At a single AFN conference to discuss the Settlement in Winnipeg, in May of 2007, after it had been announced in its final form and approved by the government of Canada late in 2006, National Chief Phil Fontaine spent all his speaking time defending the Agreement without actually describing what it included. He was defending it to a lot of people who did not seem very impressed, and all expressed shock at the content – not a signal that any of them had participated in creating it or had heard from someone who did. Participants at that meeting included some of the most credible Indigenous leaders. The fact that none of them were involved in the negotiations of the Settlement is revealing. “This Settlement Agreement was not handed to us on a silver platter. We had to fight for every little bit that’s in the Agreement,” said Fontaine. But every part of the Settlement Agreement was the lowest common denominator of what Canada had already offered claimants in class action suits, and which those former students had rejected.[iv]

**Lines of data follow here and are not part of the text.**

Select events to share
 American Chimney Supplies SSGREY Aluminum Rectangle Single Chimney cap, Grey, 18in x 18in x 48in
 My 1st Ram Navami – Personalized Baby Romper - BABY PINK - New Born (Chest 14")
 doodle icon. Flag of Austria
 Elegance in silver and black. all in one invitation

The AFN did produce a press release in response to frequently asked questions, dated November 23, 2005. It begins: “The AFN played a key and central in achieving the Agreement in Principle signed on November 20, 2005 to settle all Indian Residential School claims.” This sentence is copied directly from the press release; we are not sure what noun might be described by “key and central,” but the statement in unequivocal. It was not former students, but the AFN which was central to the Agreement.
This is confirmed in the opening of the next paragraph: “The biggest and most important victory the AFN was able to obtain for survivors in the Settlement Agreement is a new form of compensation for loss of language and culture and loss of family life through a lump sum payment or common experience payment (CEP) as it is called in the Agreement.” In this, the Assembly’s first press release on the subject of the Agreement in Principle for the Settlement Agreement, they do not mention “extensive negotiations between the Government, churches and indigenous peoples.” If those negotiations were a historical fact, the AFN would have mentioned it and recognized the people involved. But it is not a fact, it is a lie. The AFN was the key indigenous organization involved, they did not have a mandate to represent former students because former students do not vote in AFN assemblies – only Band Council Chiefs do, and Band Councils across Canada did not hold referendums seeking this mandate from their communities.
There are many more sources who attest to the absence of former students in creation of the Settlement and the Truth and Reconciliation Commission which was mandated within it by the judges who turned their plaintiffs over to it. Bob Watts was the CEO of the AFN at the time of negotiations. He recalled the development of the Settlement this way, during his talk at the 2012 Vancouver Human Rights Lecture:
National Chief Fontaine put together a proposal to look at a negotiated settlement. With the Assembly of First Nations we entered the process with lawyers from class actions from across the country – some representing individual survivors, lawyers representing churches, government, other aboriginal organizations.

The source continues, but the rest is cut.